中央線の場合、路線の性質が他と比較して大きな違いがある。まず、緩行線がある複々線区間が短い。
複々線になっている区間は三鷹以東に限られ、それ以外の区間は複線となっている。
また、沿線人口が多いのも独特の特徴といえる。中央線快速は東京~高尾間を運転系統の基本としているが、その沿線人口は全線にわたって多い。普通の快速はもとより、特快などであっても、高速運転ができない。
加えて、駅間距離が短いことが、列車全体の表定速度を下げている。中野から立川までの区間は、約1~2㎞ごとに駅がある。
そのため、加速が終わった頃には次の駅に接近するというサイクルが繰り返される。
こうした理由から中央線快速の電車が他の路線に比べて遅いのである。
地理的にも物理的にも表定速度が上がらないことから、「快速」であってもその役割が薄くなってしまうのである。
本数は多い!
ただし、中央線快速ならではのメリットもある。それは運行本数の多さだ。山手線のように日中でも5分に1本は走っている。「特別快速」についても、日中は毎時5本走っている。
他の路線の場合、総武線快速、常磐線快速などは日中毎時5本、上野東京ラインでも8本程度である。

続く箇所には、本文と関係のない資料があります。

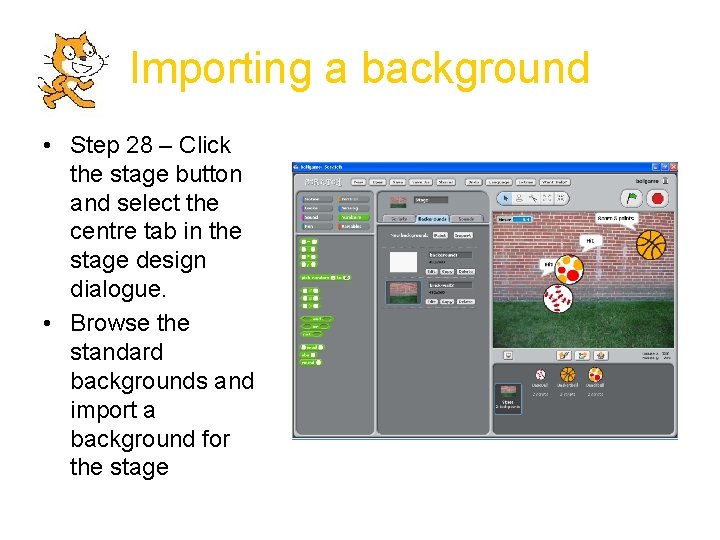 Importing a background • Step 28 – Click the stage button and select the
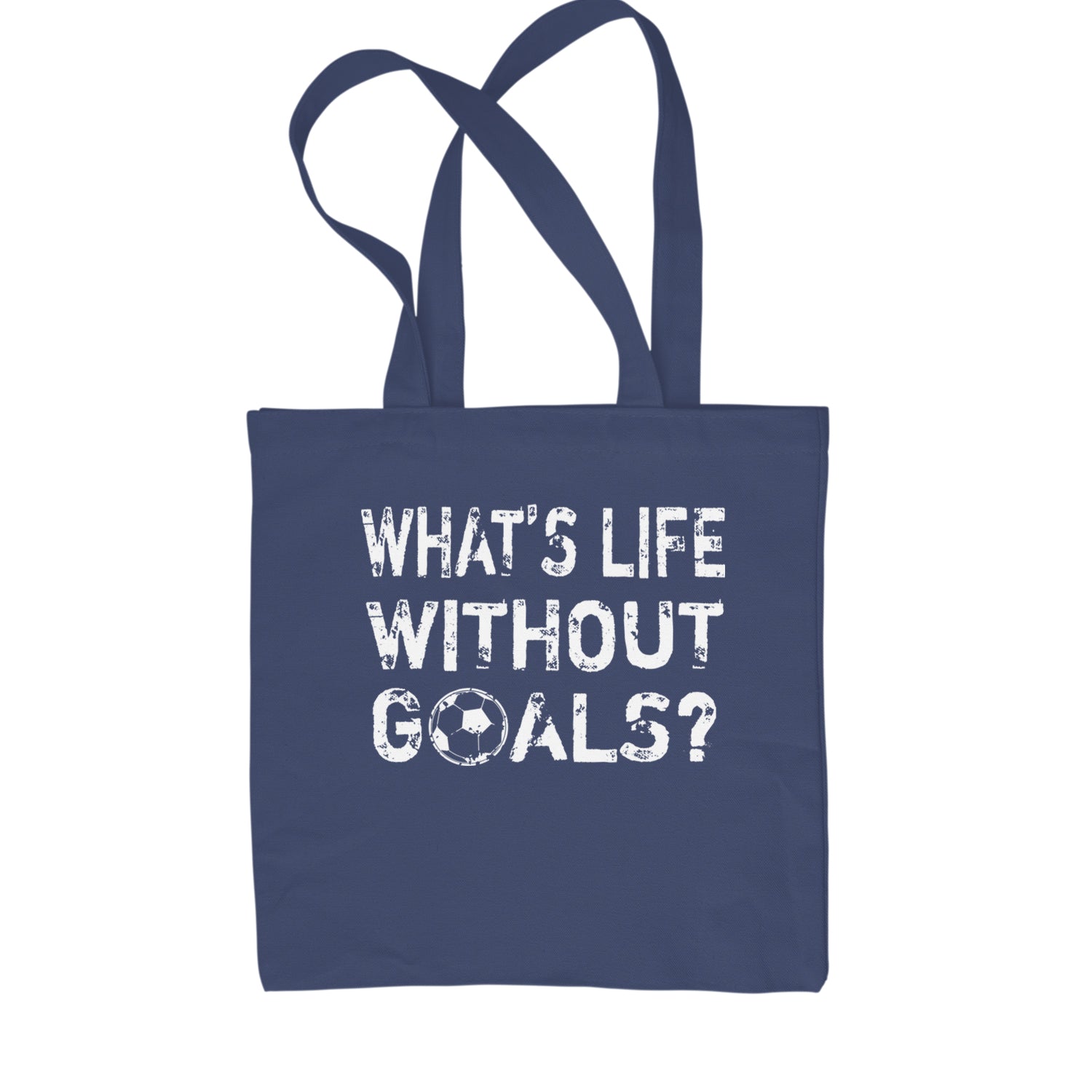 What's Life Without Goals Soccer Futbol Shopping Tote Bag Navy Blue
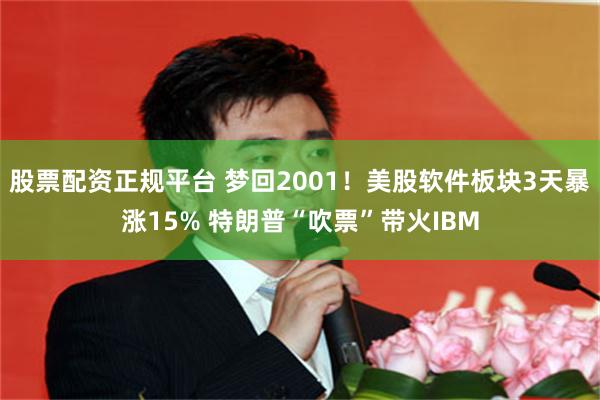 股票配资正规平台 梦回2001！美股软件板块3天暴涨15% 特朗普“吹票”带火IBM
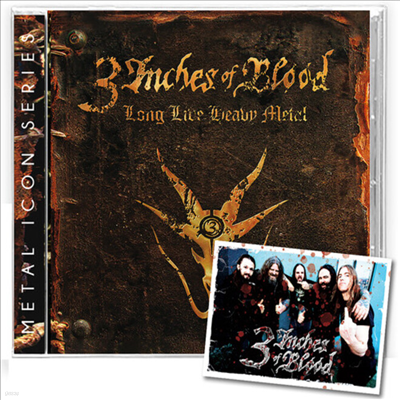 3 Inches Of Blood - Long Live Heavy Metal (Remastered)(Bonus Tracks)(Metal Icon Series)(CD)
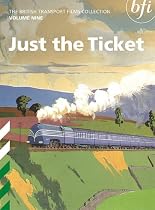 The British Transport Films Collection Volume 9 - Just the Ticket [DVD]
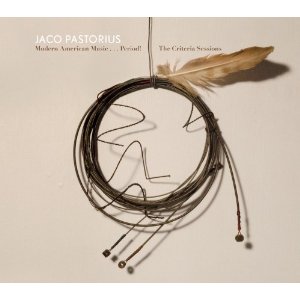 JACO PASTORIUS / ジャコ・パストリアス / Modern American Music... Period! The Criteria Sessions / モダン・アメリカン・ミュージック~クライテリア・セッションズ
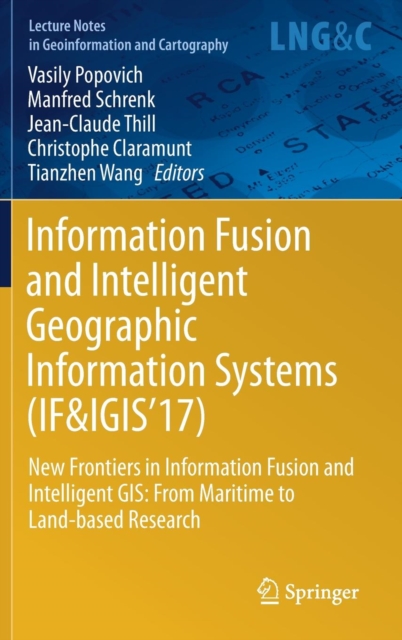 Information Fusion and Intelligent Geographic Information Systems (IF&IGIS'17) : New Frontiers in Information Fusion and Intelligent GIS: From Maritime to Land-based Research, Hardback Book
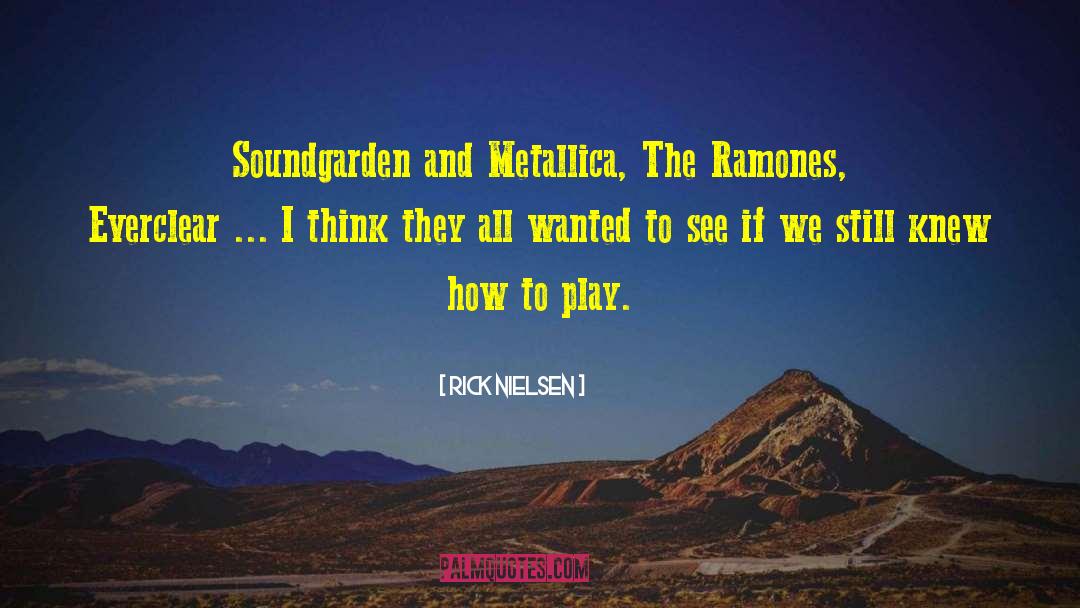 Ramones quotes by Rick Nielsen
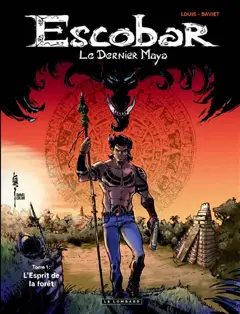 Escobar : le dernier Maya, tome 1 : L'esprit de la forêt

それに比べて中央線の場合は各駅停車の路線並に走っている。
距離に対する所要時間がかかってしまうという欠点はあるものの、本数が多いことによって駅のホームでの待ち時間が少ないという点は大きなメリットではないだろうか。
駅のホームは、冬は寒く、夏は暑い。早く電車に乗りたいと誰もが思うような環境だろう。
そんな中で、直近の電車を逃したとしてもすぐに後続の電車がやってくるというダイヤは魅力的ではないだろうか。